Exercise directions —
An image-free reproduction of the data below is needed: print it exactly.

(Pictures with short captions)
::::::

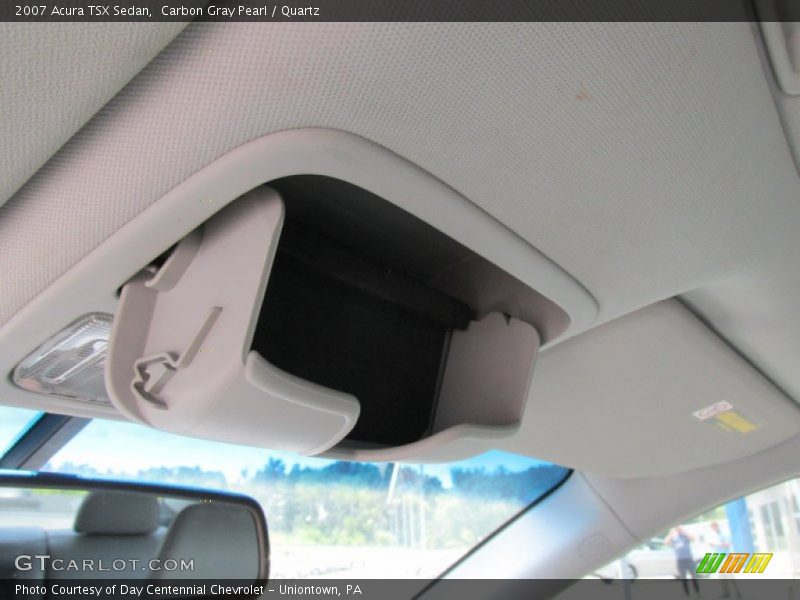 Carbon Gray Pearl / Quartz 2007 Acura TSX Sedan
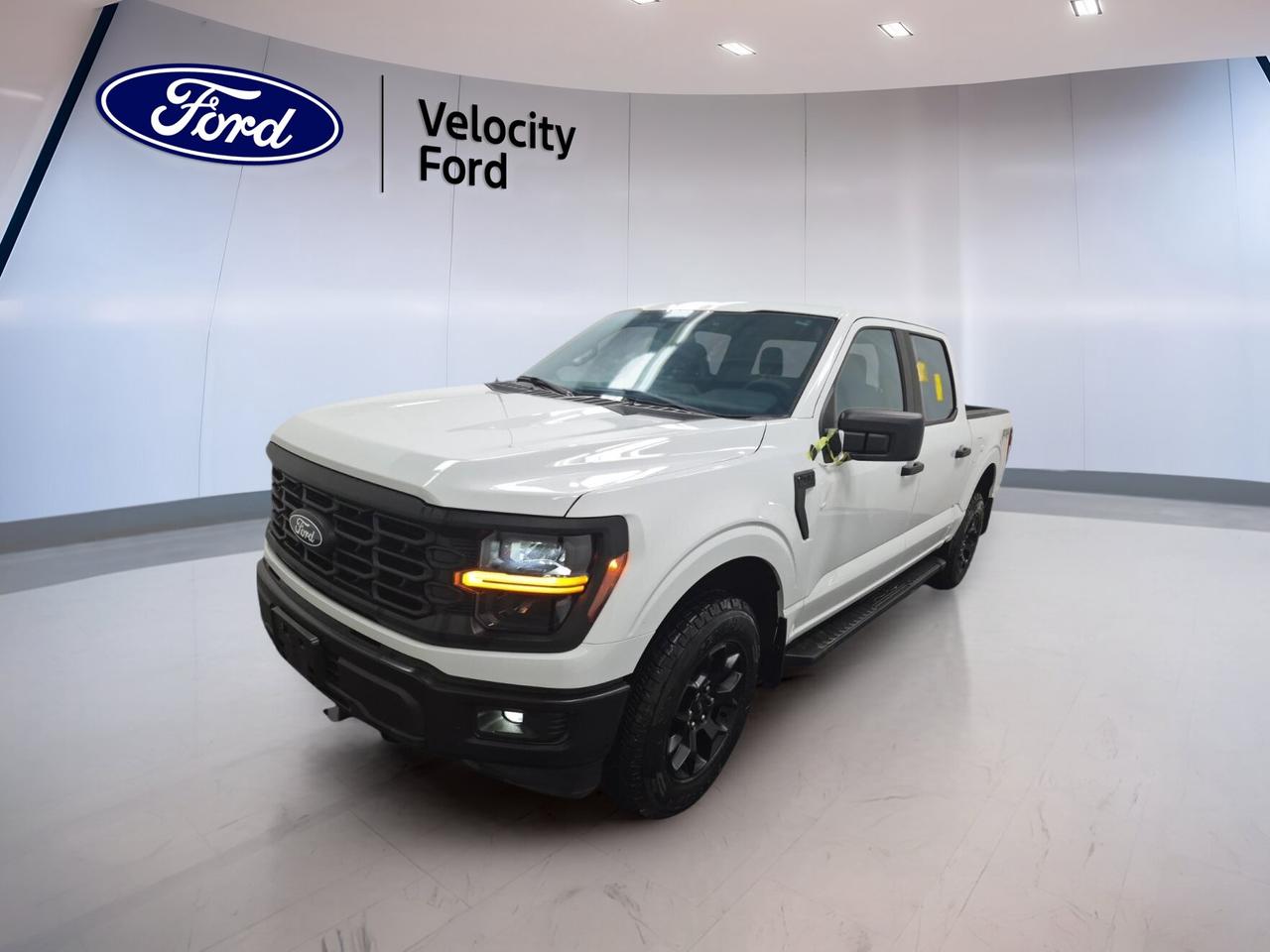 Used 2024 Ford F-150 STX 4WD SuperCrew 5.5' Box for sale in Moose Jaw, SK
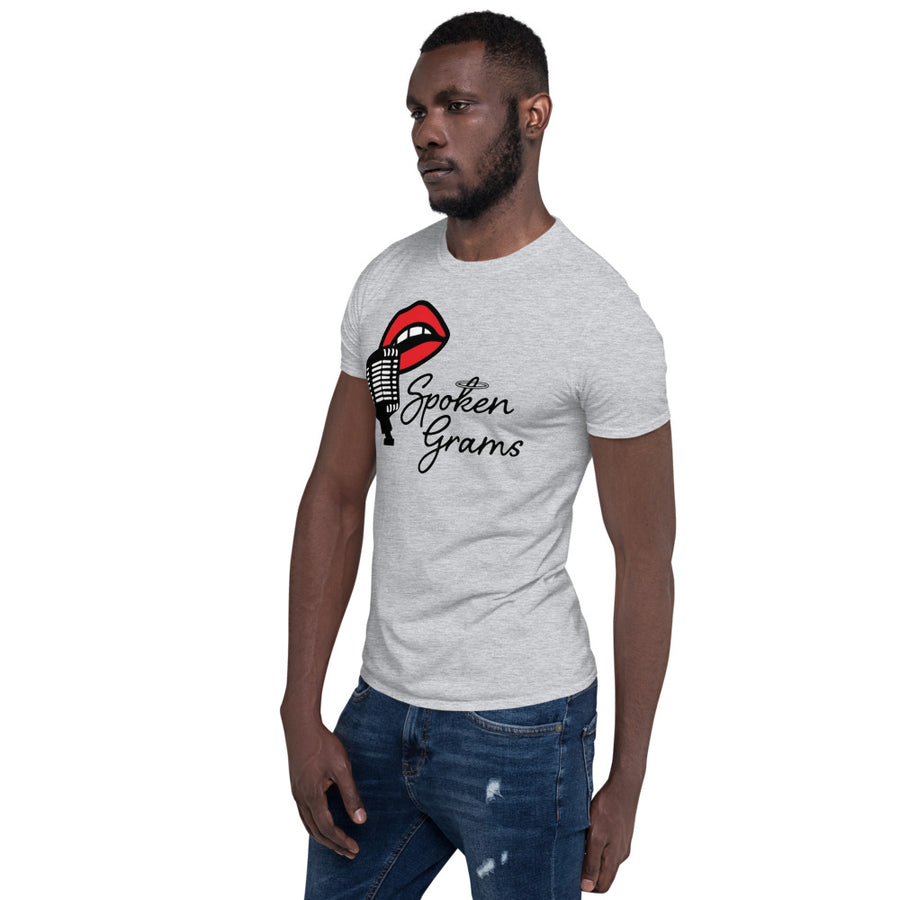 Spoken Grams Short-Sleeve Unisex T-Shirt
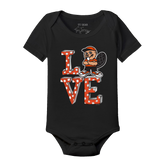 Oregon State Beavers LOVE Short Sleeve Snapper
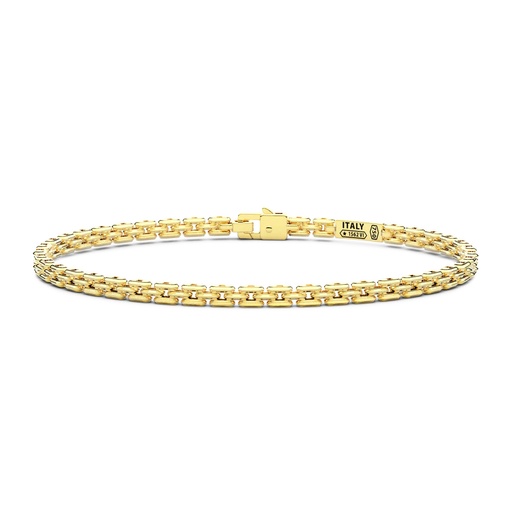 [UB014] Zancan Link-Only Bracelet In 18Kt Gold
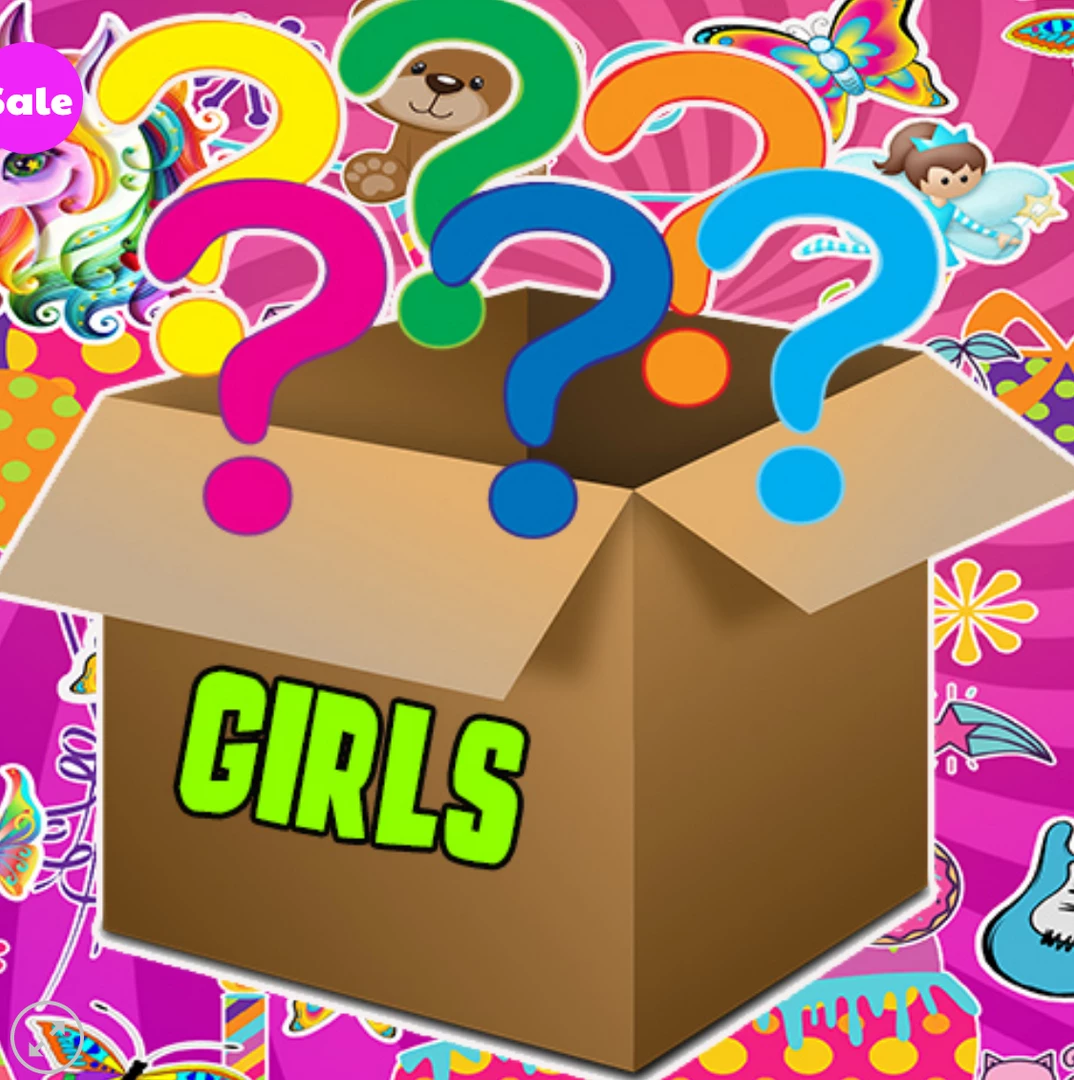 Unbranded Home & Garden $80 RRP Mystery Box Set Of Girls Presents Assorted Lucky Dip Girls Gifts 1 Unbranded Home & Garden $80 RRP Mystery Box Set Of Girls Presents Assorted Lucky Dip Girls Gifts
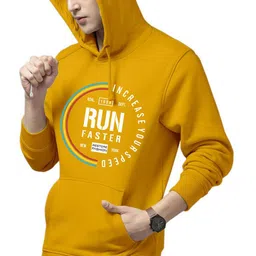 HAMBERG Men Printed Hooded Sweatshirt-picture-44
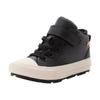 Sneaker CONVERSE "CHUCK TAYLOR ALL STAR MALDEN STREET", Gr. 28, schwarz matter, total eclipse, Leder, sportlich, Schuhe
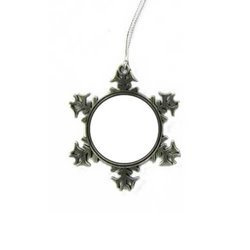 Ciondolo devorativo/natalizio  - Stampa sublimatica a trasferimento termico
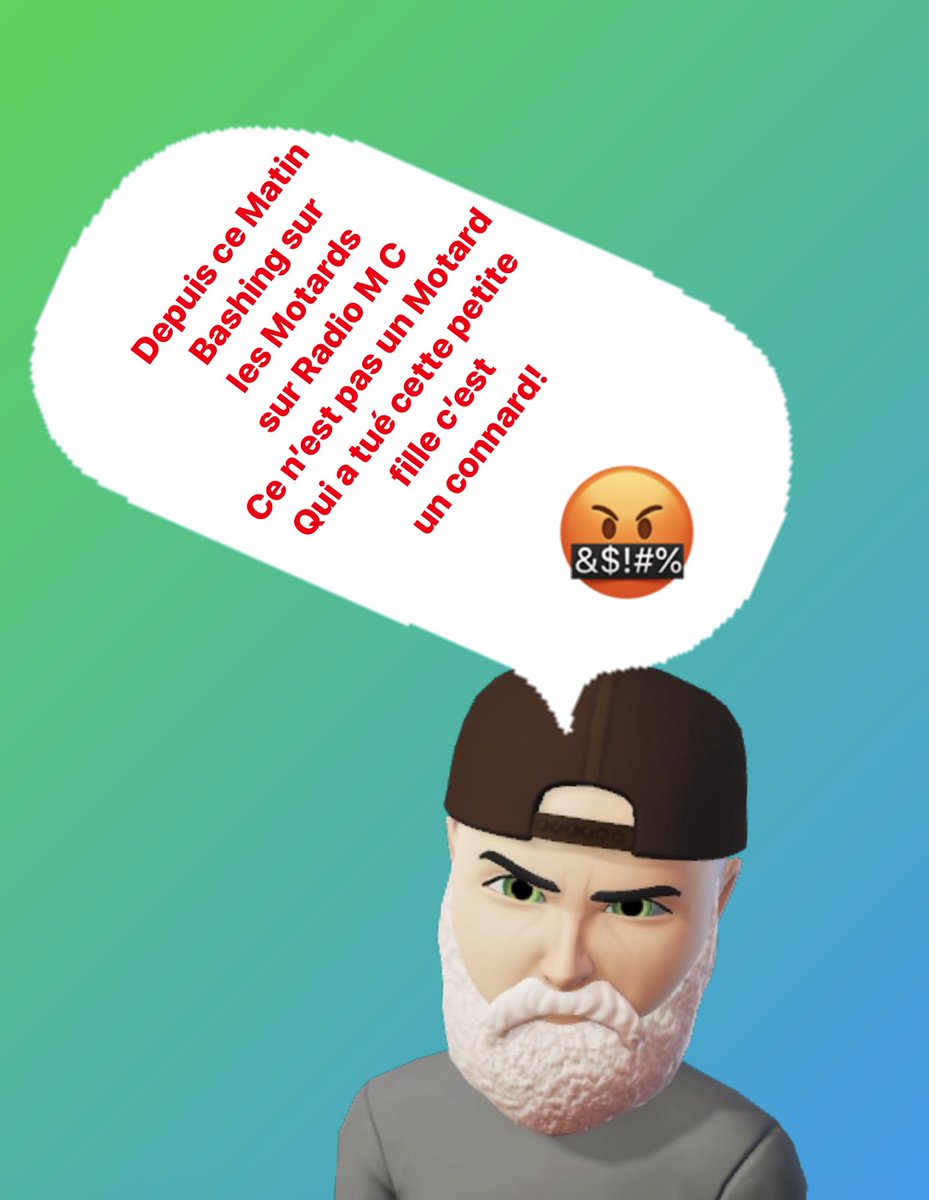 Cathare111's tweet image. 😡 Depuis ce Matin 
#Bashing sur les #motards
Sur #radiomontecarlo 😡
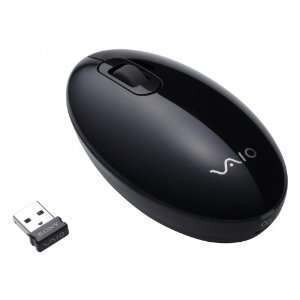  Sony Vaio VGP WMS30 Black   2.4GHZ Wireless Mouse with 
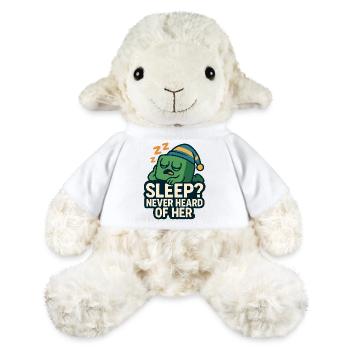Sleep? Never Heard of Her - MiniFeet® Schaf Annika - Weiß - Vorne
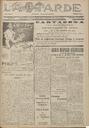 [Issue] Tarde de Lorca, La (Lorca). 11/8/1934.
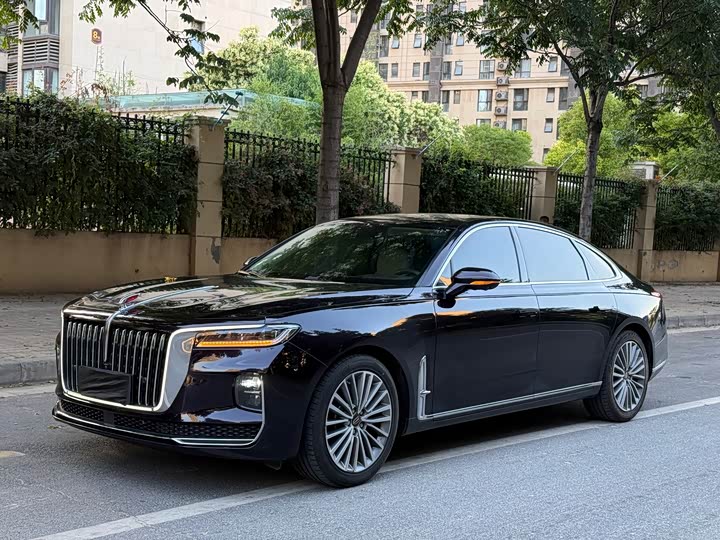 2020 Hongqi H9 2.0T Flagship Connected Edition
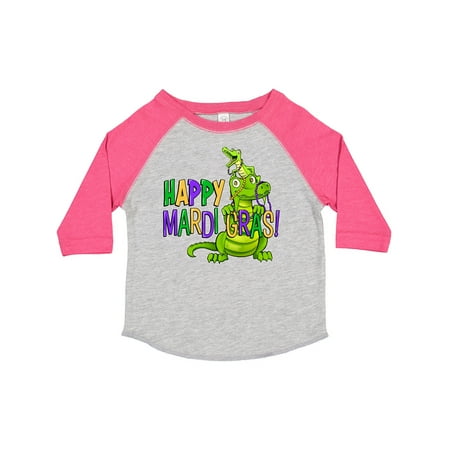 Inktastic Happy Mardi Gras Big and Little Alligators with Beads Gift Toddler Boy or Toddler Girl T-Shirt
Inktastic Happy Mardi Gras Big and Little Alligators with Beads Gift Toddler Boy or Toddler Girl T-Shirt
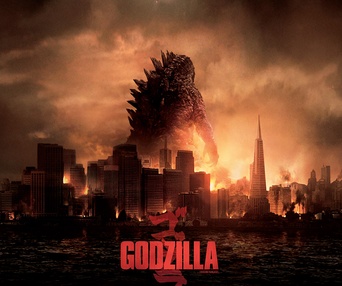 Affiche du film Godzilla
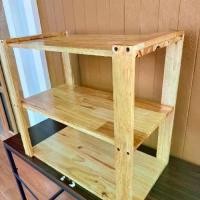 ราคา ชั้นวางของอเนกประสงค์ ชั้นวางรองเท้า ไม้ยางพารา (1732161544929905160)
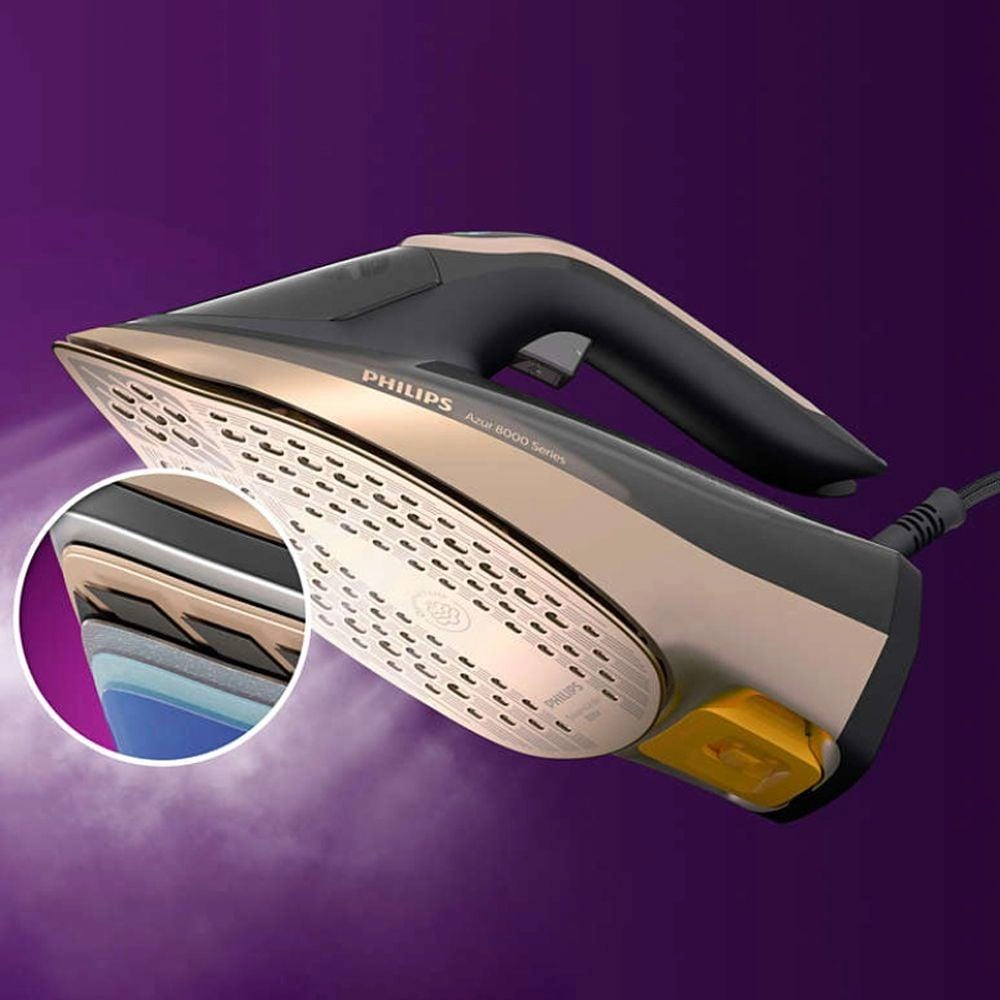 Azur 8000 Series Steam Iron - 3000W 260 g Turbo Steam Boost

::::::

Response area —
 Carbon Gray Pearl / Quartz 2007 Acura TSX Sedan
 Used 2024 Ford F-150 STX 4WD SuperCrew 5.5' Box for sale in Moose Jaw, SK
 Spoken Grams Short-Sleeve Unisex T-Shirt
 Oregon State Beavers LOVE Short Sleeve Snapper
 [UB014] Zancan Link-Only Bracelet In 18Kt Gold
 Unbranded Home & Garden $80 RRP Mystery Box Set Of Girls Presents Assorted Lucky Dip Girls Gifts 1 Unbranded Home & Garden $80 RRP Mystery Box Set Of Girls Presents Assorted Lucky Dip Girls Gifts
 HAMBERG Men Printed Hooded Sweatshirt-picture-44
 Sneaker CONVERSE "CHUCK TAYLOR ALL STAR MALDEN STREET", Gr. 28, schwarz matter, total eclipse, Leder, sportlich, Schuhe
 Ciondolo devorativo/natalizio  - Stampa sublimatica a trasferimento termico
 Cathare111's tweet image. 😡 Depuis ce Matin 
#Bashing sur les #motards
Sur #radiomontecarlo 😡
  Sony Vaio VGP WMS30 Black   2.4GHZ Wireless Mouse with 
Sleep? Never Heard of Her - MiniFeet® Schaf Annika - Weiß - Vorne
 [Issue] Tarde de Lorca, La (Lorca). 11/8/1934.
 2020 Hongqi H9 2.0T Flagship Connected Edition
 Inktastic Happy Mardi Gras Big and Little Alligators with Beads Gift Toddler Boy or Toddler Girl T-Shirt
Inktastic Happy Mardi Gras Big and Little Alligators with Beads Gift Toddler Boy or Toddler Girl T-Shirt
 Affiche du film Godzilla
 ราคา ชั้นวางของอเนกประสงค์ ชั้นวางรองเท้า ไม้ยางพารา (1732161544929905160)
 Azur 8000 Series Steam Iron - 3000W 260 g Turbo Steam Boost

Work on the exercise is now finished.